Nello scontro televisivo diretto, Letizia Moratti è andata a recuperare quella notizia, che probabilmente si era tenuta stretta per tutta la campagna elettorale, affermando «La mia esperienza di manager, la mia famiglia confermano ampiamente che sono una persona moderata, a differenza di Pisapia che dalla Corte di Assise è stato giudicato responsabile di un furto di veicolo che sarebbe servito per il sequestro e il pestaggio di un giovane. E’ stato giudicato responsabile e amnistiato. L’amnistia non è assoluzione». (Come? L’amnistia non è assoluzione? Glielo andate voi a dirGlielo?).

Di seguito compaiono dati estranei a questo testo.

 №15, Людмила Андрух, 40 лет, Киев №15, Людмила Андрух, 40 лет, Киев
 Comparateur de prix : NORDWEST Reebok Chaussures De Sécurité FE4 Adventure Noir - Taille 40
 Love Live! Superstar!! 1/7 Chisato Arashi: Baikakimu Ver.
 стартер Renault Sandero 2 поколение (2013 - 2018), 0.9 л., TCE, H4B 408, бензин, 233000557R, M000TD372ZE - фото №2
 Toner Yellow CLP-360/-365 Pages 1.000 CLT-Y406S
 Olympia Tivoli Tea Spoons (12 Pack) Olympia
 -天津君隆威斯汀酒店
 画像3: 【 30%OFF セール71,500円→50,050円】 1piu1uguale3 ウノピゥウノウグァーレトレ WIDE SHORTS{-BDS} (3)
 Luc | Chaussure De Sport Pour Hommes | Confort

Pisapia in seguito ha controbattuto che è tutto falso, e in Corte d’Assise d’Appello è stato riconosciuto assolto per non aver commesso il fatto anche dall’accusa di concorso morale in furto, dopo che lui ricorse in appello nonostante l’amnistia.
La parolina chiave è “in seguito”. Pisapia non ha replicato sul momento per la banale ragione che – in cauda venenum – Moratti ha tirato fuori la stoccata sulla sigla finale del confronto, quando non c’era più tempo per replicare. A questo punto non importa nemmeno più se la cosa fosse vera o falsa (e direi proprio che è falsa, se persino il Giornale di famiglia è stato costretto ad ammetterlo, pur con i contorsionismi autofellativi loro propri e scovati da m.fisk). Importa che per me una persona che sceglie appositamente il momento in cui l’altro non può replicare è un vigliacco. Peccato che chi voterà per PdL e affini non si accorgerà di tutto questo: spero solo che gli indecisi si sveglino e vadano a votare per un qualunque altro candidato che non sia l’attuale sindaco.

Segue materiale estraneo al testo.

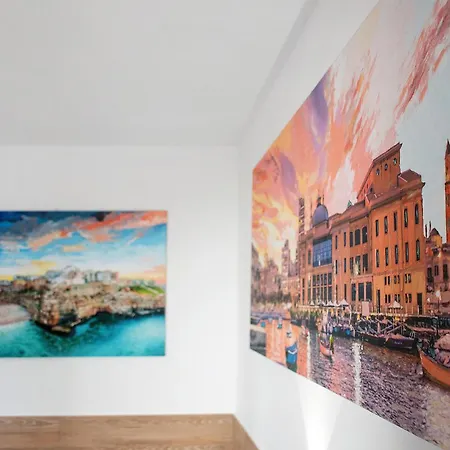 Gold - Il Centro Luxury * Bari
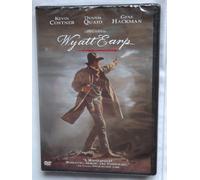 Wyatt Earp [USA] [DVD]
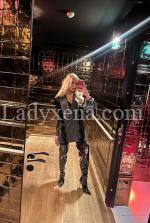 eves07 - escort Paris 8eme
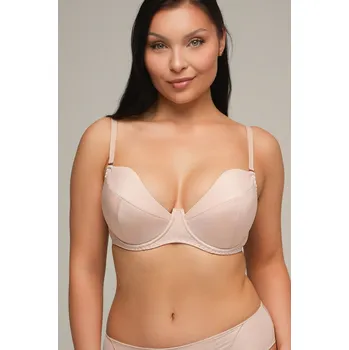 Dámské spodní prádlo Push-up model 218307 Ava 70E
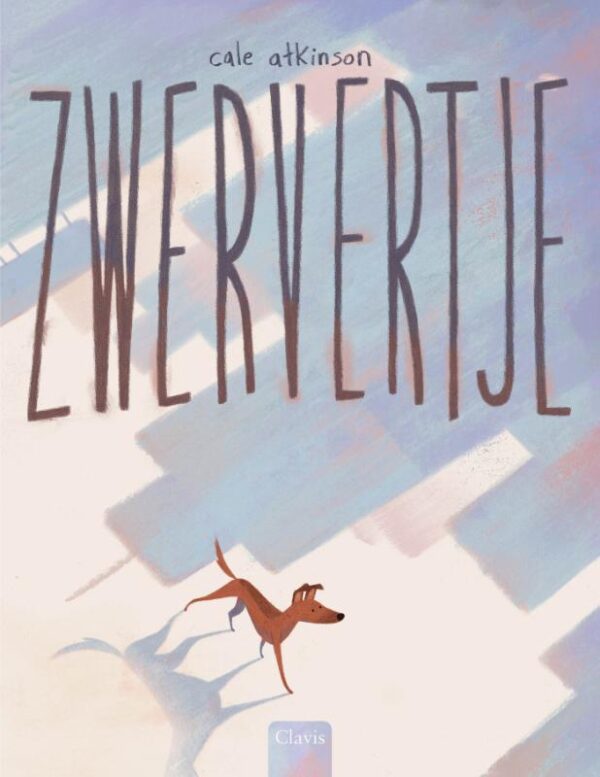 Zwervertje - Afbeelding 1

(E comunque al PdL hanno paura di finire al ballottaggio, perché sanno che lì mica sono i favoriti…)
p.s.: subito dopo aver postato ho scoperto che Gad Lerner aveva usato lo stesso aggettivo. Garantisco che non l’ho fatto apposta, anche perché non lo leggo :-)

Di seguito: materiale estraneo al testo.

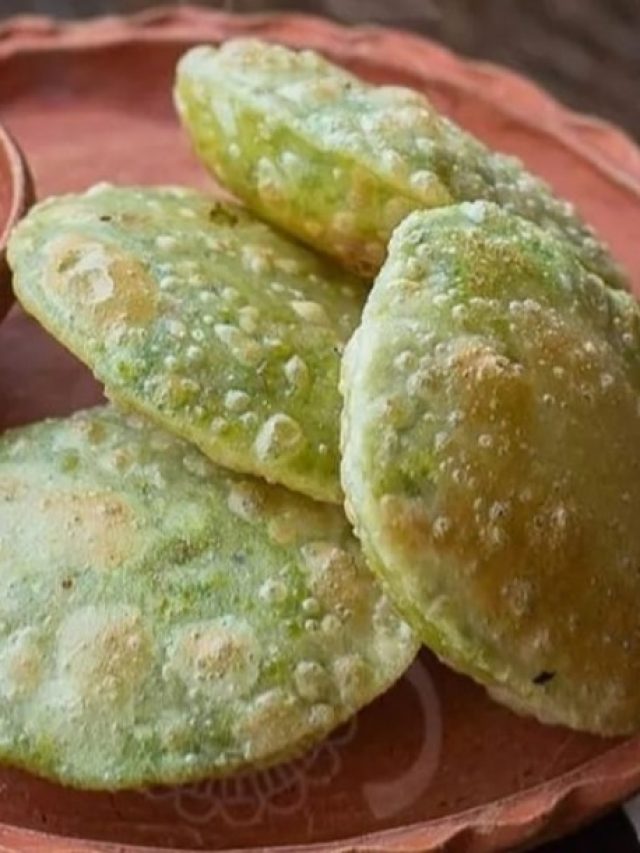 কড়াইশুঁটির কচুরি এভাবে বানালে পুর বাইরে বেরোবে না, সিক্রেট কায়দা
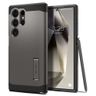 SPIGEN TOUGH ARMOR GALAXY S24 ULTRA GUNMETAL na NearMe.pl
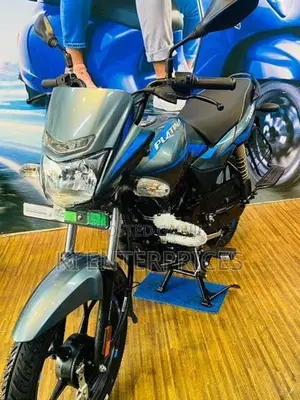 Bajaj Platina 2026
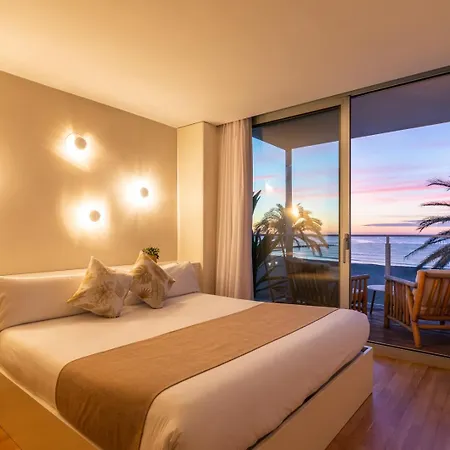 Meraki - Only Adults Hotel 3*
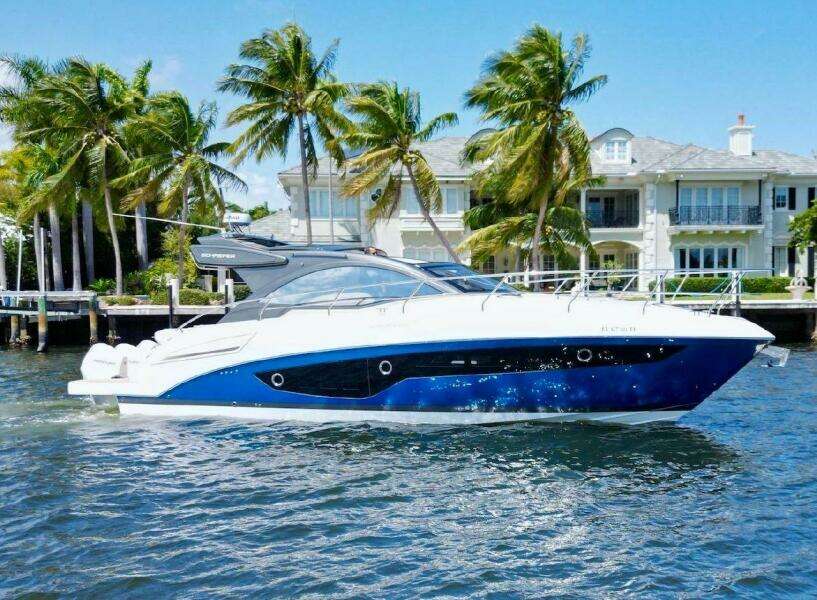 NALANI 40ft Schaefer Yacht For Sale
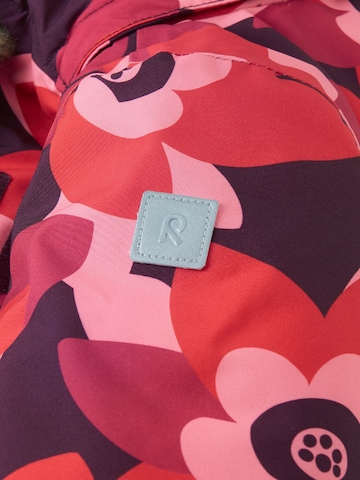 Reima Funktionsjacke 'Muurame' in Lila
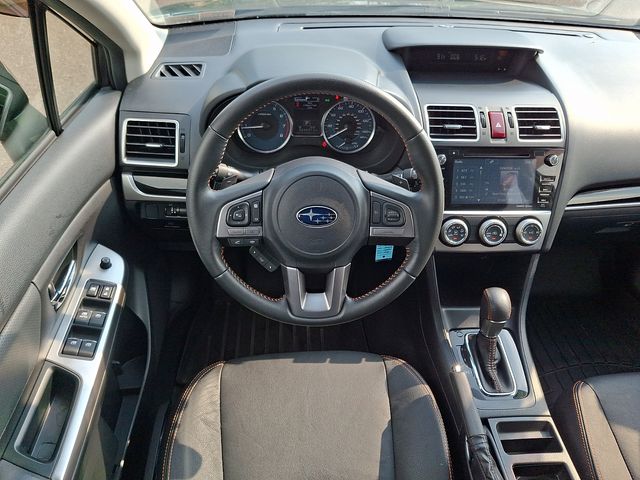 2017 Subaru Crosstrek Limited - Photo 11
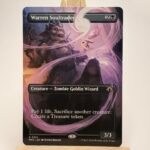 Warren Soultrader #332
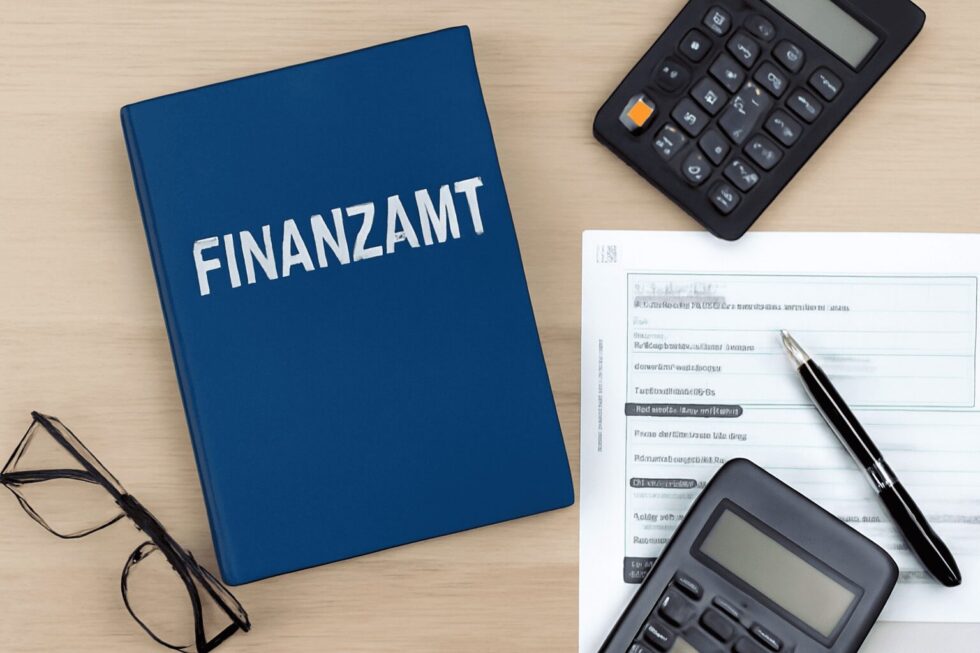 Learn about Finanzamt in Germany and how to register for taxes as a foreigner. Discover the step-by-step process, required documents, and common tax terms.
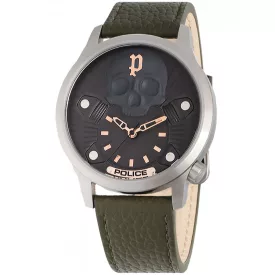   Police PEWJA2227703 Jet férfi óra karóra 44mm 3ATM karóra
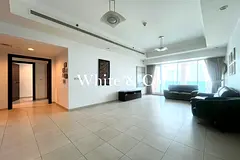 UNFURNISHED | HIGH FLOOR | AVAILABLE NOW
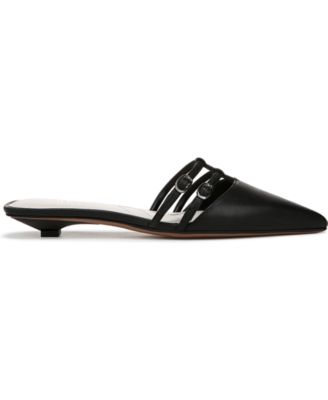Women's Pia Pointed Toe Dress Mules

Aggiornamento: (12 maggio) per chi volesse saperne di più sulla storia, qui (pdf) il resoconto completo della vicenda giudiziaria, qui (pdf) le fotocopie delle pagine con la sentenza di primo e secondo grado.
Ultimo aggiornamento: 2011-05-11 17:22
E comunque al PdL hanno paura di finire al ballottaggio, perché sanno che lì mica sono i favoriti.
La vigliaccata è stata fatta proprio per il motivo summenzionato. Per convincere gli indecisi (per definizione gli indecisi stanno a destra ;-)).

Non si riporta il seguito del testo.